More importantly, I want to explain the mercy of God and how it is not in contradiction with the theoretical existence of Hell. Hitchens' statement raises the controversial and repetitiously used rhetoric yet again:
"If God loves everyone so much, then why would he send a person to eternal torture?"
Occasionally, one is coerced to avoid excessive biblical criteria according to the philosophies of those who do not directly accept the Bible as absolute truth. Although time after time do I fail in my own imperfect ways, this does not always have to be a problem. While the Bible is the infallible sword of believers, one's relationship with Christ, upon surrender, can provide the gift of reason.
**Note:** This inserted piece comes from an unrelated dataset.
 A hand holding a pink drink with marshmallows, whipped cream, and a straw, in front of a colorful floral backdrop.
Should not the follower realize his direct relationship with and heart knowledge of Christ as much as his head knowledge of the word of God? Such a relationship distinguishes faith from mere religion; hence, a consciousness of both his nature and his word in biblical context can be attained. One can remember that God's word is the sword, and the mind which he has given is the sheath.
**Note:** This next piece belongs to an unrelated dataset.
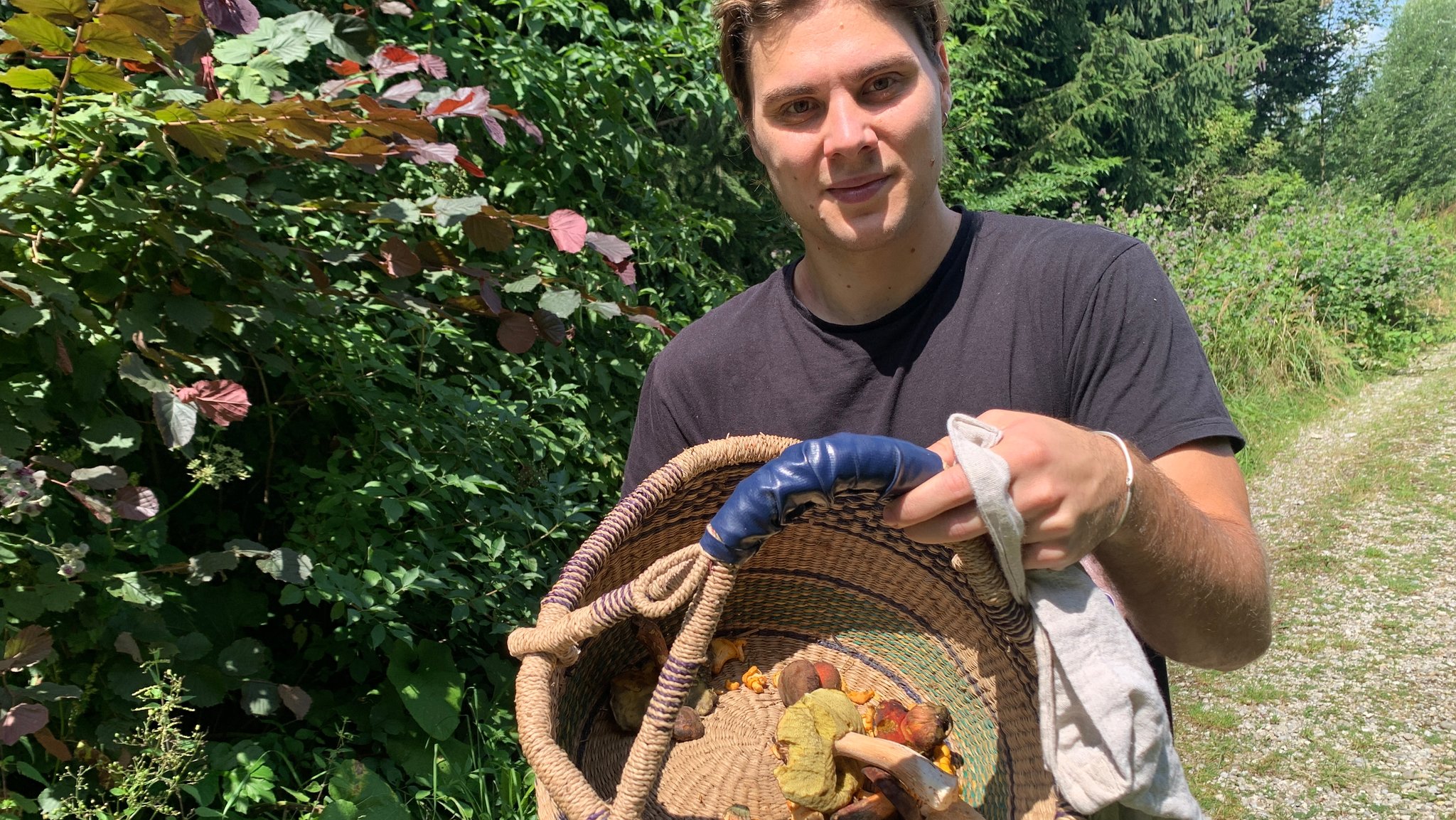 Moritz Feldhege zeigt seinen Korb mit über 60 Pilzen, die er innerhalb einer Stunde in einem Waldstück bei München gefunden hat..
Regarding the prior question, revealed are the basic qualities of God in which many are familiar with: he is merciful, loving, sovereign, and just; however, one must understand the wrath of God - one in which is to be feared above all else. Considering God according to the Bible, the lasting solace throughout all of existence is that of God, not from oneself nor any other external force(s). Eminently is humanity given the current existence for the glorification of God, hence an indication of the opportunity to either seek or reject the presence of God. Because he fortifies all that is loving and merciful, if one is to reject him, then equivalently one is rejecting such blessings of divine amity, as C.S. Lewis said, "God cannot give us a happiness and peace apart from himself, because it is not there. There is no such thing."
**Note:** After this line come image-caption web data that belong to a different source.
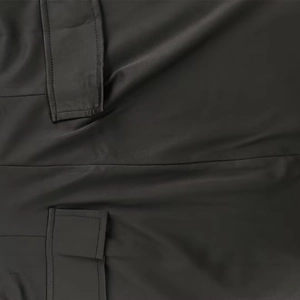 Close-up of black bodycon dress fabric showing refined seam and pocket detail textures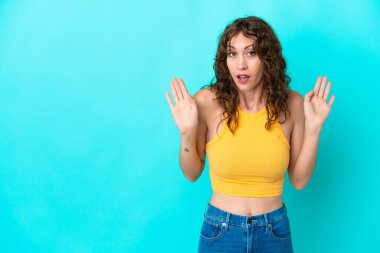Mavi arka planda, kıvırcık saçlı, kuşkulu hareketler yapan genç bir kadın.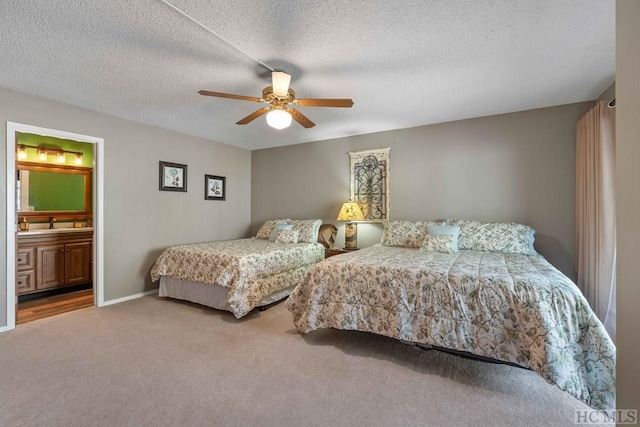 bedroom featuring carpet, a textured ceiling, ceiling fan, and ensuite bath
Often do I use the following analogy to support the prior explanation: Just as cold is the absence of heat rather than the opposite of heat and dark is the absence of light rather than the opposite of light, Hell is the "absence of God" (however, it is only safe to say "to a degree") rather than the opposite of Heaven. Should it remain puzzling to so many that one's very own denial of God and all divine fortifications, hence consequently being permitted such, is utterly contradictory to Epicurus' rhetoric of a malevolent God? The existence of Hell is substantially a representation of not only the wrath but also proportionately the love of God; ultimately, he forces himself onto no individual in rejection of him and his great blessings. This is an absolute consistency with all the revealed properties of God.